Only those lines in the data below from the line containing "结核病防治核心信息及知识要点" through the line containing "Kene kabusu bitmek bilmiyor!", both included, should be restated word for word.

• Material shown:
◇ ◇ ◇ ◇ ◇
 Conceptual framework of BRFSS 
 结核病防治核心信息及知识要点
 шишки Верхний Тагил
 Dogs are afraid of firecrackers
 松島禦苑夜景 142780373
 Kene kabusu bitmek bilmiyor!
◇ ◇ ◇ ◇ ◇
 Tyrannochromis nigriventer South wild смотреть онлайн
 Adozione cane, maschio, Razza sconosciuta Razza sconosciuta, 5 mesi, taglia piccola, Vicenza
◇ ◇ ◇ ◇ ◇
• Task solution:
 结核病防治核心信息及知识要点
 шишки Верхний Тагил
 Dogs are afraid of firecrackers
 松島禦苑夜景 142780373
 Kene kabusu bitmek bilmiyor!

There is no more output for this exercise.